Simplify[EllipticK[x] EllipticE[1 - x] + EllipticE[x] EllipticK[1 - x] - 
       EllipticK[x] EllipticK[1 - x]]

I will get Pi/2, fine. The problem is that I want this identity to be used not only symbolically but also numerically, i.e. for example I would like Mathematica to simplify

Simplify[EllipticE[2/3] EllipticK[1/
   3] + (EllipticE[1/3] - EllipticK[1/3]) EllipticK[2/3]]

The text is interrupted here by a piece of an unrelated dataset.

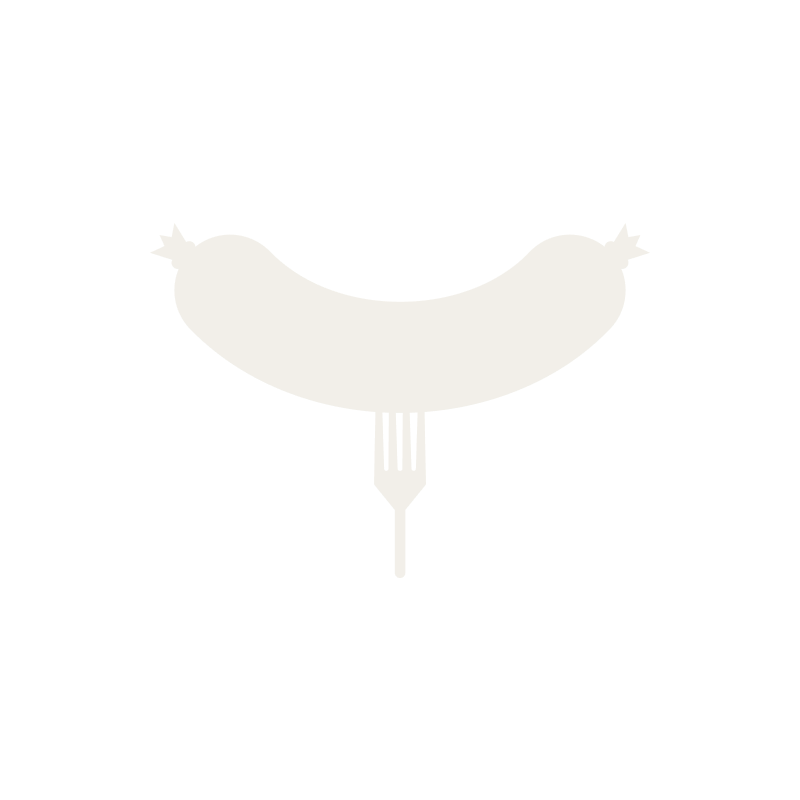Wędliny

down to Pi/2. Not only It does not happen when I just stated this identity symbolically but even direct evaluation with this assumption does not yield desirable answer. Namely,

FullSimplify[
 EllipticE[2/3] EllipticK[1/
    3] + (EllipticE[1/3] - EllipticK[1/3]) EllipticK[2/3], 
 Assumptions -> 
  EllipticE[2/3] EllipticK[1/
      3] + (EllipticE[1/3] - EllipticK[1/3]) EllipticK[2/3] == Pi/2]

returns

EllipticE[2/3] EllipticK[1/
   3] + (EllipticE[1/3] - EllipticK[1/3]) EllipticK[2/3]

How can I get Pi/2 there instead?

Answer 1

The following transformation function works in this case:

xfn[e_] := e /. EllipticK[x_] EllipticE[y_] /; x + y == 1 :> 
    Pi/2 - (EllipticE[x] EllipticK[y] - EllipticK[x] EllipticK[y]);

FullSimplify[
 EllipticE[2/3] EllipticK[1/3] + (EllipticE[1/3] - EllipticK[1/3]) EllipticK[2/3], 
 TransformationFunctions -> {Automatic, xfn}]

(* π/2 *)

---

Edit:

The reason the using $Assumptions does not work as it is used in the question is that the assumption is effectively about the symbol x. It will not be used as a general identity about elliptic integrals.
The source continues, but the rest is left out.